Over the course of the 2018-2019 season, a pattern of negative side-bias was statistically observed across that year’s topics. The 2020 January-February topic provides an opportunity to ascertain if the negative side-bias continues to exist in debate.
2020 January-February Data Set
Affirmative and negative ballots were gathered from the 18 Tournament of Champions bid-distributing tournaments on the January-February topic with results posted on tabroom.com as of writing this article: Blake, College Prep, Strake Jesuit, Newark, Peninsula, University of Houston, University of Puget Sound, Arizona State University, Sunvitational, Winston Churchill, Harvard-Westlake, Lexington, Durham Academy, Lewis & Clark, Emory, Columbia, Golden Desert, and Colleyville Heritage. These qualifier tournaments range from octo-final to final bid level. This data set has a sample size of 4,900 ballots representing fairly diverse debating and judging styles.
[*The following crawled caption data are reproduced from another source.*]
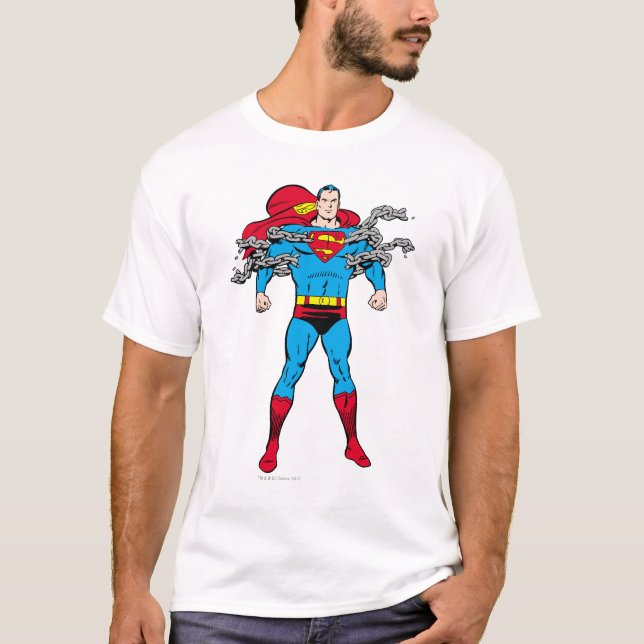 Superman Breaks Chains T-Shirt (Vorderseite)
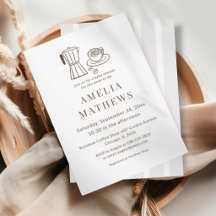 Baby-Shower Minimaliste sur le Thème du Café
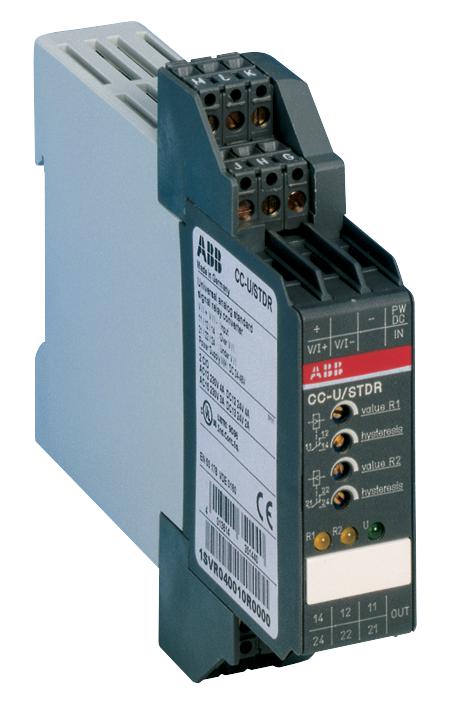 Abb 1Svr040011R2500 Converter, Analog, 2 Relays, 110-240V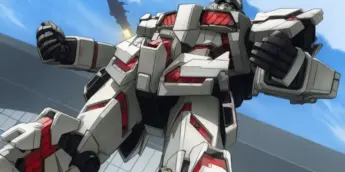 Gundam Unicorn em cena do Capítulo 6 de Star Blazers: Space Battleship Yamato 3199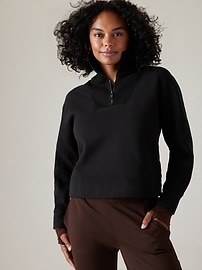 Buy THE GYM PEOPLE Womens' Half Zip Pullover Fleece Stand Collar Crop  Sweatshirt with Pockets Thumb Hole Online at desertcartCyprus
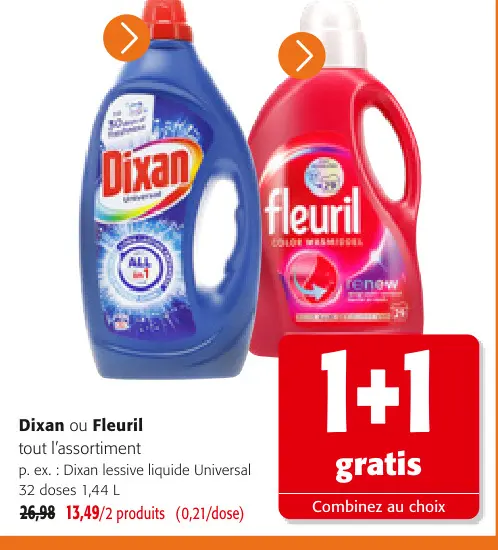 Offre: lessive liquide Universal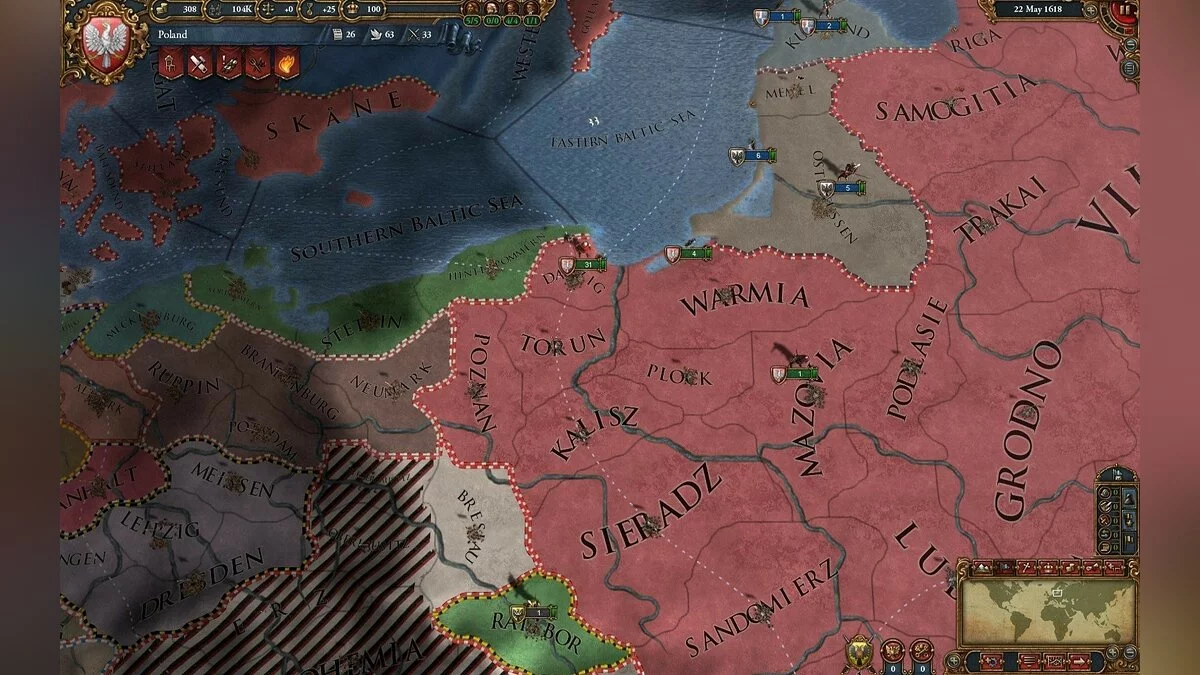 Скриншоты из Europa Universalis 4 / Картинка 33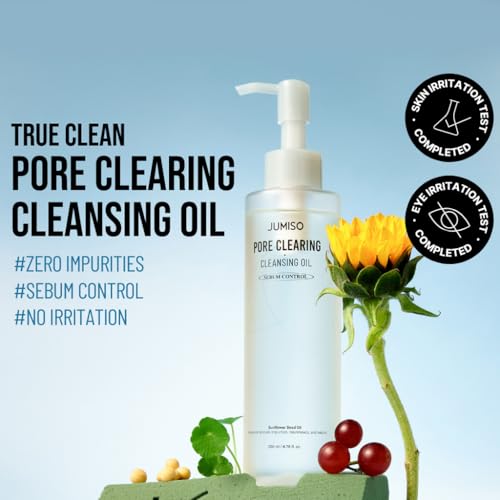 JUMISO Pore Clearing Cleansing Oil for Waterproof Makeup Removal, 6.76 fl oz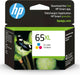 HP 65XL Tri-Colour High Yield Original Ink Cartridge (N9K03AN)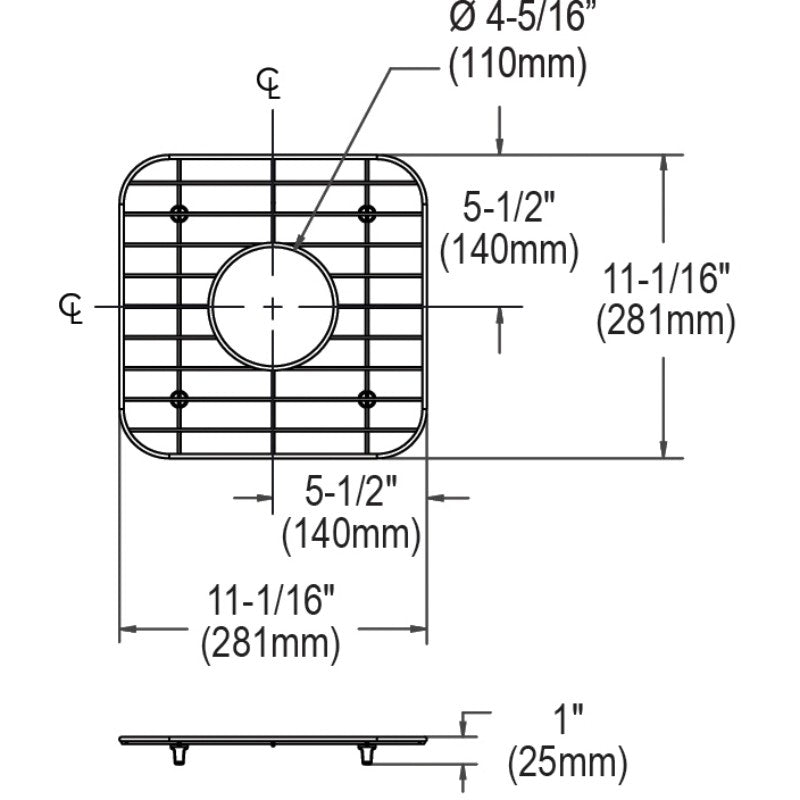 Dayton Sink Grid (11.06' x 11.06' x 1')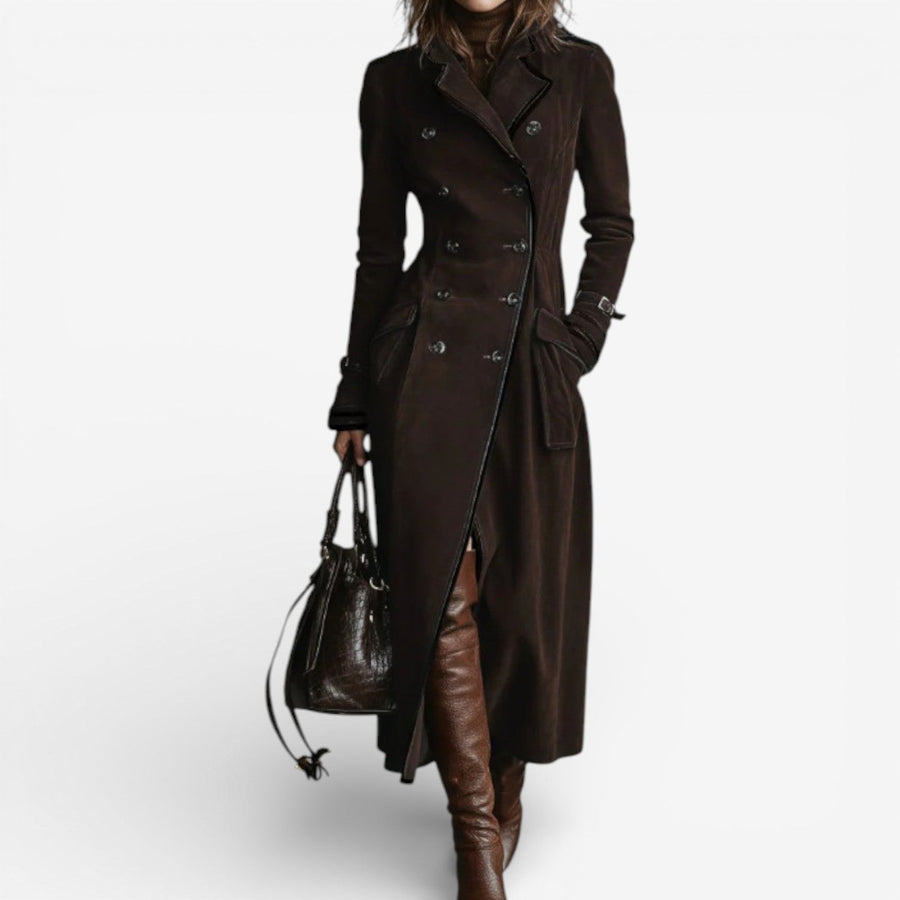 Ingeborg – Wildleder Trenchcoat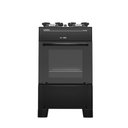 Ver imagem 1 de Fogão de Piso 4 Bocas Smart Glass Preto com Mesa de Vidro e Forno 50L - Realce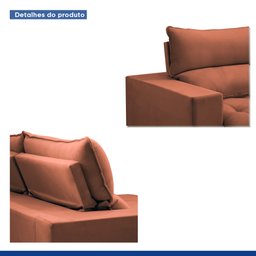 Sofá Retrátil e Reclinável 350cm Martinho Boucle - 8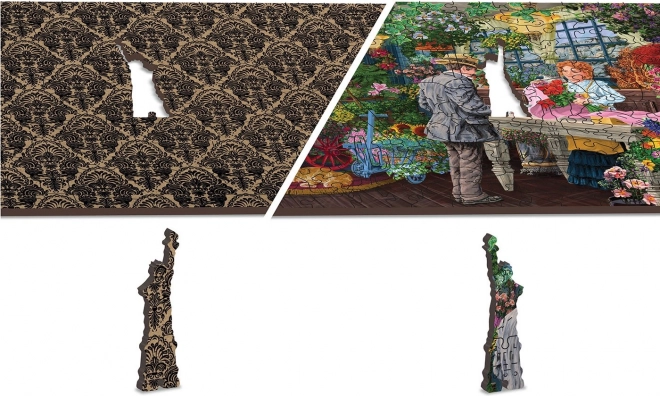 Twee puzzels in één: dubbelzijdig 2-in-1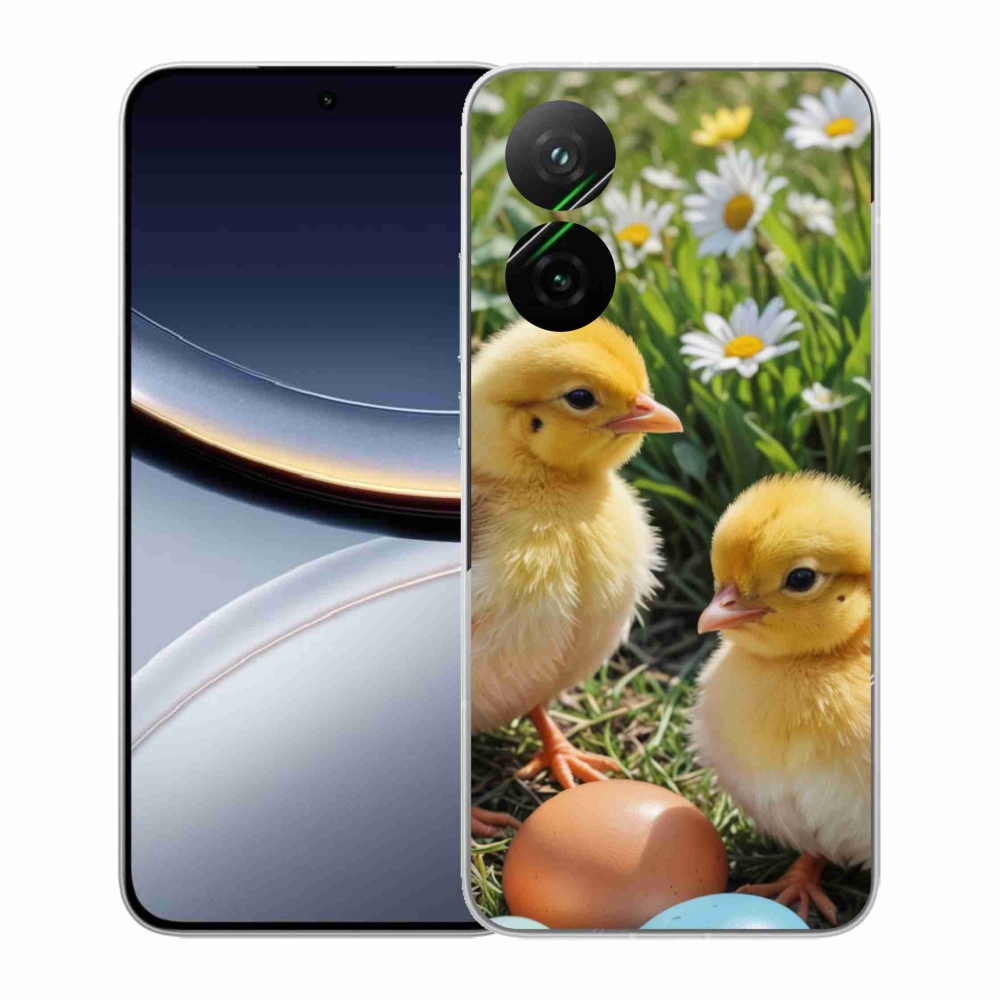 Gél borítás mmCase a Xiaomi Poco F7 5G számára - csirkék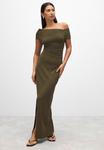 Платье Next OFF THE SHOULDER , Khaki Green/Green - фото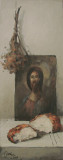 Vand pictura ,Rustica 1 ,ulei panza caserata pe carton, Religie, Impresionism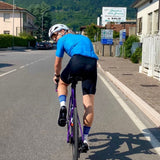 Maglia da ciclismo a strisce ES16. Azzurro chiaro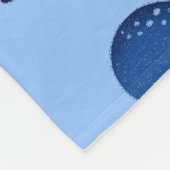 Schattigee Octopus Cartoon Oude Papier Print Fleece Deken (Hoek)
When all posted ballots on the January-February topic are analyzed, the negative won 52.37% of ballots. Now the question is whether the difference between the actual (52.37%) and what would be expected (50%) is statistically significant, or due to chance. In order to calculate a p-value to determine the answer, a one-proportion z-test was used. The null hypothesis was set to p = 0.5 (where p is the proportion of negative wins) since it is expected, barring any bias, that the affirmative and the negative would win the same number of times. The alternative hypothesis was p > .5. The alpha is set at 0.05 . The z-test rejects the null hypothesis (p-value < 0.001, 95% confidence interval [51.0%, 53.8%]). This implies there is less than a 0.1% chance that the proportion of negative wins observed could occur if the rounds are unbiased. This implies there is a negative side-bias.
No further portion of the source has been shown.